Die Abiturientin Verena Pfeiffer,
die sich bei der Vocatium informiert hat, weiß zumindest schon, in welche Richtung es gehen soll: Wirtschaftspsychologie oder BWL möchte sie studieren. Nach dem Abitur will sie aber erst einmal ins Ausland. Während der Schulzeit hätte sie sich mehr Vorbereitung für das Berufsleben gewünscht. „Ich kann vier Fremdsprachen, weiß aber nicht, wie man eine Bewerbung schreibt“, sagt sie.

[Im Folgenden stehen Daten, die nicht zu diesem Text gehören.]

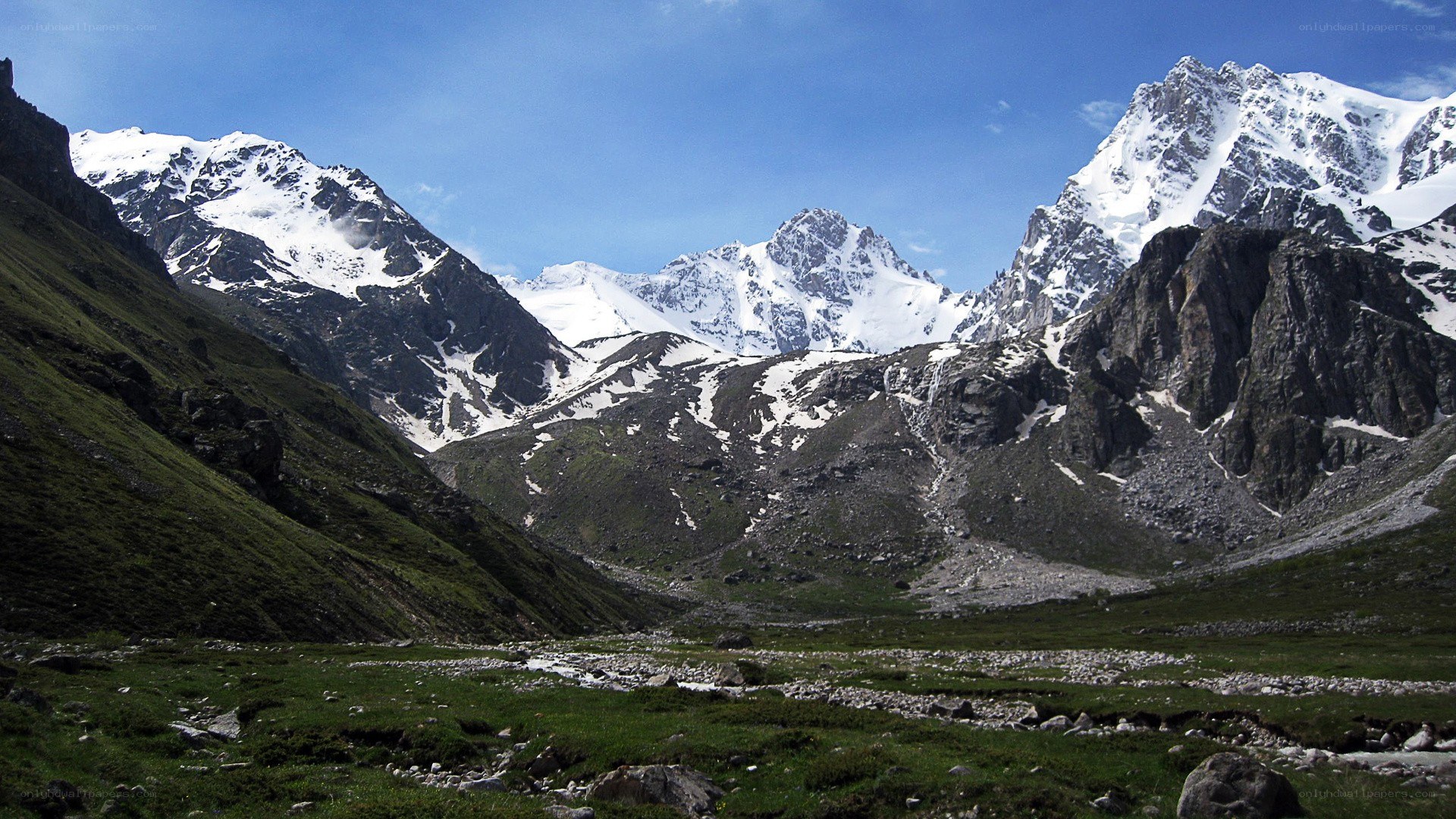 snow-capped mountains in a valley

Philipp Bayers Pläne sind ebenfalls sehr konkret. Der 18-Jährige möchte zur Bundeswehr. Dort will
er Geschichte oder Sport studieren. „Ich möchte wie mein Vater Offizier bei der Bundeswehr werden“, erklärt er. Das weiß er seit der achten Klasse. Sofia Knauers Weg verlief weniger geradlinig. Während ihrer Zeit an der Realschule hat sie viele Berufe ausprobiert. Sie absolvierte Praktika in einem Reisebüro, als Elektronikerin und in einer Sprachschule. Letztendlich entschied sie sich für eine Ausbildung als Kauffrau für Büromanagement bei einem Unternehmen in der Verteidigungsindustrie.